My contention is neither that Mali's coup d'état of March 2012 followed some inevitable cultural script, nor that the institutions of modern democratic governance cannot flourish in Mali for “cultural reasons”. Instead, I contend that in a context of severe state crisis and popular disenchantment with a formally democratic political process that many saw as fundamentally exclusive and un-democratic, political actors may build their public appeal more effectively on culturally specific concepts like nganaya than on formal legal mandates or generic populism. Where the abuse of power has delegitimised ostensibly democratic leaders and the institutions that consecrate them, many people look for alternative sources of legitimacy, and aspiring leaders will exploit that willingness.
In Mali, as in many societies of sub-Saharan Africa, political power is “perceived as originating in the invisible world” (ter Haar and Ellis 2009: 406). Articulations between Malian politics and religious beliefs, always present behind the scenes, have been very much in evidence since the country's coup d'état. It was, for example, the extremely public intercession of Mohamed Ould Cheicknè – the head of an influential West African Sufi brotherhood – that helped persuade Captain Sanogo to relent at a crucial juncture and allow Mali's civilian interim president to remain in office. The leaders of Mali's largest religious organizations have assumed duties formerly performed by the state, organizing humanitarian aid convoys to assist residents of the country's violence- and famine-stricken northern regions and negotiating directly with Islamist rebel groups occupying those regions. Such a highly visible overlap between religion and politics reflects another, less visible overlap between political and religious interpretations of power.
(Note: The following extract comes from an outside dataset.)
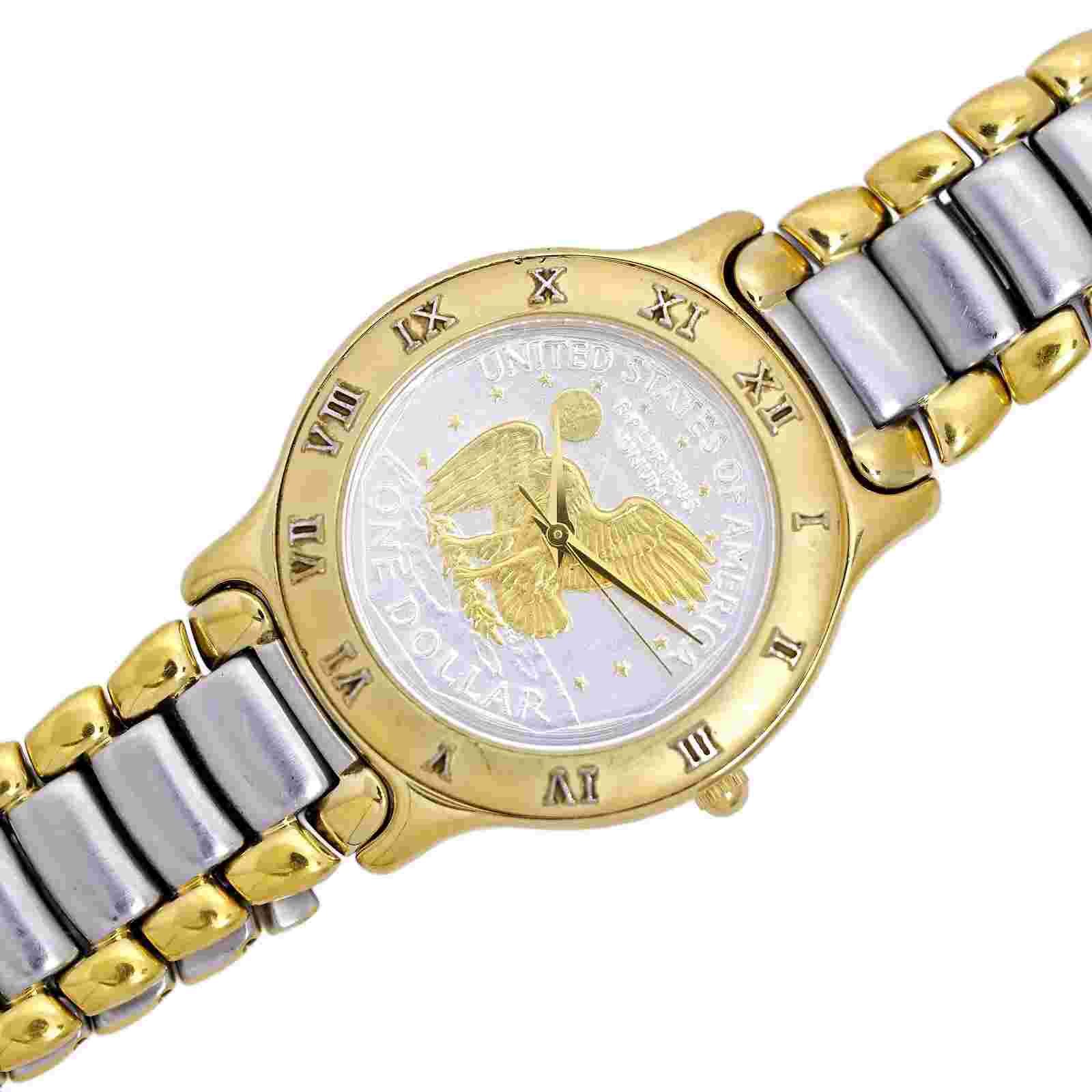 Apollo Landing Eagle Dollar Mens Bracelet Coin Watch Gold Plated 24k Gold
In my analysis, I have tried not to draw hard boundaries between naturalistic and supernatural explanations of events. Such distinctions may not be especially meaningful for Malians themselves. Where an item of modern military insignia and a mudcloth vest both function as power objects, where one acquires secret knowledge and daliluw from hunters’ societies and from US Department of Defense facilities alike, and where the dangerous forces unleashed by a coup d'état may come in the form of stray bullets and the invisible force of nyama, it seems to me that it is not helpful to differentiate between rationalist and “occult” justifications of power. Diplomats competed with diviners for the coup leaders’ attentions in Kati, the military blended seamlessly with the mystic, and the spiritual with the psychological. Recent events in Mali suggest that scholars seeking to understand politics and political legitimacy can ill afford to ignore the religious underpinnings of power.